A bold statement this Ramadan, ya aadil77.

Is this one of the things that it is permissible to envy someone for, or is this a sin?
Or, even worse, is it a joke?

Must I quote Quran and hadith on such a basic matter?

I see too much bad advice and nonsense on these forums, remember your religion when posting, avoid useless chatter with the opposite sex, promote the good and forbid the evil.

Ask Allah to forgive you posting such trite comments, which are in reality sins against yourself.

The time you waste posting trite comments, you will be questioned about.
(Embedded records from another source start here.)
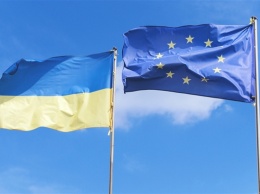 Сначала - Балканы. Каковы перспективы членства Украины в ЕС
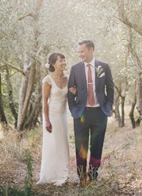 destination wedding in Italy, photo by This Modern Love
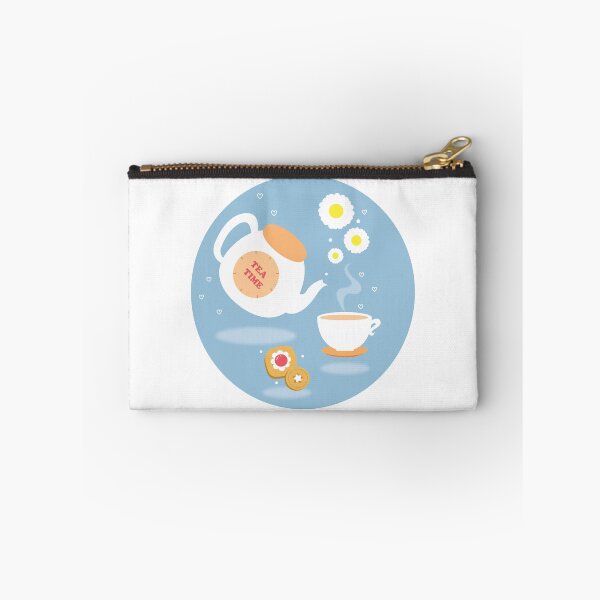 Item preview, Tea time designed and sold by GinaArtHut.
Spend some time reading Quran instead, like perhaps Surat Al Falaq...

or this...

" And if you question them, they declare emphatically: "We were only talking idly and joking." Say: "Was it at Allah, His Aayat and His Messenger you were mocking?" Make no excuses! You have rejected faith after you had accepted it, if We pardon some of you, We will punish others amongst you because they were sinners" (Qur'an 9:65-66)

or hadith like this

1569. Abu Hurayra reported that the Prophet, may Allah bless him and grant him peace, said, "Beware of envy. Envy devours good actions as fire devours wood." (or he said, "dry grass"). [Abu Dawud]

Islam is not just a pass-time, you must put it into play in every aspect of your life.

If any of the above is correct it is from Allah, alhamdulillah, if I am wrong it is from Shaitan and the evil of my own soul, and I ask Allah to protect us from that.
Inshallah forgiveness for you and me, and all the Muslims, from Allah this Ramadan.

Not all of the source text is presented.